Protesters torch Rabea monument
Dozens of students marched to the Rabea al-Adaweya Mosque in Cairo’s eastern neighborhood of Nasr City Wednesday evening and set fire to scaffolding around a monument erected by security forces. The students were reported to be from an Islamist coalition known as “Students Against the Coup.”
The group is reported to have marched on Rabea al-Adaweya from the nearby Al-Azhar University dormitories. They held up the four-fingered “Rabea” salute along with posters of imprisoned Islamists and ousted President Mohamed Morsi.
Videos circulating on social networking sites showed protesters chanting slogans against military rule and against presidential candidate Field Marshal Abdel Fattah al-Sisi. Morsi promoted Sisi to head the Armed Forces during a reshuffle in 2012, but moved to topple the Islamist president on July 3, 2013 following mass protests against his rule.
The protesters appear to have set fire to wooden scaffolding around the marble monument that authorities had built at Rabea after a pro-Morsi encampment had been forcibly cleared on August 14, 2013. The monument was meant to symbolize two hands, representing the police and military, surrounding a white globe symbolizing the people.
From late June to August 14, Rabea al-Adaweya had been the site of a protest camp supporting Morsi and his then-ruling Muslim Brotherhood.
Riot police and military personnel have been deployed in large numbers around this mosque since the dispersal, which led to the deaths of several hundred Islamist protesters.
Morsi supporters, members of the outlawed Brotherhood and their allies in the “Anti-Coup Alliance” have repeatedly sought to march on Rabea but have always been pushed back, and often arrested, by security forces deployed around the mosque and its environs.
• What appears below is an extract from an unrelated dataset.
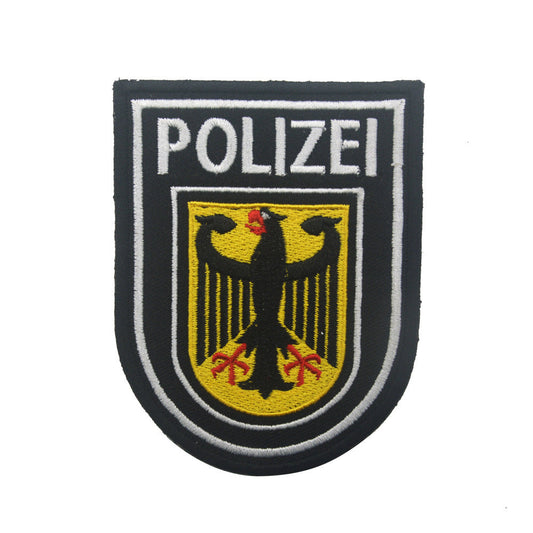 HKM-990419 German Eagle Velcro Patch - Back-to-Back Embroidery, Polyester Fabric, Multi-Color Design for Clothing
However, a large number of riot police trucks and armored personnel carriers were moved away from the area over the past week.
Speaking by telephone on the Qatari-based Al-Jazeera satellite channel, one of the protest organizers said that there were no security forces present there upon their arrival.
“Thank God, we came and concluded our protest stand before they could be deployed,” the organizer said.
Some media reports mention that today’s protest was sparked by the death of student Mohamed Ayman, a pro-Morsi activist from Ain Shams University. Ayman reportedly died of shotgun wounds he had suffered while partaking in a protest march on Tuesday.
Other reports mention that Wednesday’s protest was a result of death sentences recently issued against some Islamist students.